Arts Council England has unveiled proposals for a new “politician-proof” ten-year plan that would see a radical shake-up of its funding system, including allowing grant applications from the commercial theatre sector for the first time in decades.
The organisation has this week published Achieving Great Art for Everyone, a consultation paper putting forward its priorities for the next ten years. The arts sector is being asked to voice its own views on the plans, which will be taken into account by ACE, before a final strategy framework is published later in 2010, after the general election.
ACE chief executive Alan Davey said that the document was being created in part in response to criticisms of the arts council’s handling of its last investment strategy and hoped it would help avoid the clashes which had occurred between the sector and ACE on that occasion.
He explained: “What we’ve put up is something to be shot down or talked about, if you like. We want lots of discussion about it. That takes place over three months, we absorb it and, when there’s a new government, we’ll come back with what people have said and we’ll say what we think, our judgment.
“We’ll then convert that into a framework for the next investment strategy and beyond.
“If you look at companies in the commercial world who have done well, they’ve thought about ten years ahead and they’ve stuck to it through thick and thin - through short-term market fluctuations. We in the arts need to think a bit like that. I think we’re capable of doing it, because artists do tend to think long term and I think we [the arts council] need to acknowledge that.”
Davey added that the ten-year plan was intended to be “politician-proof, so that it doesn’t really matter what the political climate is, we’re clear what we want to do in the arts”.

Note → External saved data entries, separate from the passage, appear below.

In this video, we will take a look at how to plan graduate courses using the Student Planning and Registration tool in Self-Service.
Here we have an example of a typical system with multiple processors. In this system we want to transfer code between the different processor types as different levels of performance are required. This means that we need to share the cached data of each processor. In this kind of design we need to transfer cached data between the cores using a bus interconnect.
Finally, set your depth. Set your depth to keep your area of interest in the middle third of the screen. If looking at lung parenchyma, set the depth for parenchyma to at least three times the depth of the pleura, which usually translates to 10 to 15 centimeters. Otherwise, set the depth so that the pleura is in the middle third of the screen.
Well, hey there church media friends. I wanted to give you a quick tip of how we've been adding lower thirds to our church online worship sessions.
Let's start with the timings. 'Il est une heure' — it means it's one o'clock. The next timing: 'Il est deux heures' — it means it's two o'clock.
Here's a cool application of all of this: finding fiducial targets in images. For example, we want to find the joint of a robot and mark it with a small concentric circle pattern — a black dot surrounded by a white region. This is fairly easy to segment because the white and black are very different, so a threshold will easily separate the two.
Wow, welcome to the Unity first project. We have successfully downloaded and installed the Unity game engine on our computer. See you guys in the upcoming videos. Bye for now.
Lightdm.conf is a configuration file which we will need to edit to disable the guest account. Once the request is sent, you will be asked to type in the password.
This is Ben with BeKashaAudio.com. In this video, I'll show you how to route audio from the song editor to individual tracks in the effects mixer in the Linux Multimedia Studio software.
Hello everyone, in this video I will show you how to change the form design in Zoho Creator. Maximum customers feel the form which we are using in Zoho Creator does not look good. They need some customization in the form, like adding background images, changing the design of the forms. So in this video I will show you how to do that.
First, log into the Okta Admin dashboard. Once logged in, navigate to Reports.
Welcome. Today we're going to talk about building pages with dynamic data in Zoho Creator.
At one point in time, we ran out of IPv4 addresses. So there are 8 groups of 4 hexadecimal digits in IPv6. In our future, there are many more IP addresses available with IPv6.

One of the more radical suggestions in the consultation is a thorough shake-up of ACE’s current funding system, which would see Grants for the Arts retained in its current form, but all other methods of funding re-considered and made more flexible.
This could mean new one-year, two-year or even five-year funding deals, while ACE is also investigating the possibility of offering loans or guarantees against loss, in place of traditional subsidy.
“I think we have to look at new business models like that going forward,” said Davey, “whether we return to what the arts council used to do in the past, which is written guarantees and that sort of thing - I think it should all be in the mix.”
Meanwhile, Davey said that if the new strategy involved offering funding agreements to commercial theatre producers, it would most likely be focused on the touring market.
Other key priorities laid out in the consultation paper include establishing arts education as a curriculum requirement in secondary school education, increasing the number of “diverse artists” working with established organisations, securing more high-quality arts coverage on broadcast media and in the national press, and increasing international exposure for work created in England.
“The thing I want to emphasise is it’s about pushing boundaries, about giving arts and artists and companies space to experiment and create and move the art forms forward,” added Davey.
“The worst thing we could do would be to allow the publicly funded arts to become stale and boring.”
The consultation is available at www.artscouncil.org.uk/consultation and runs until April 14.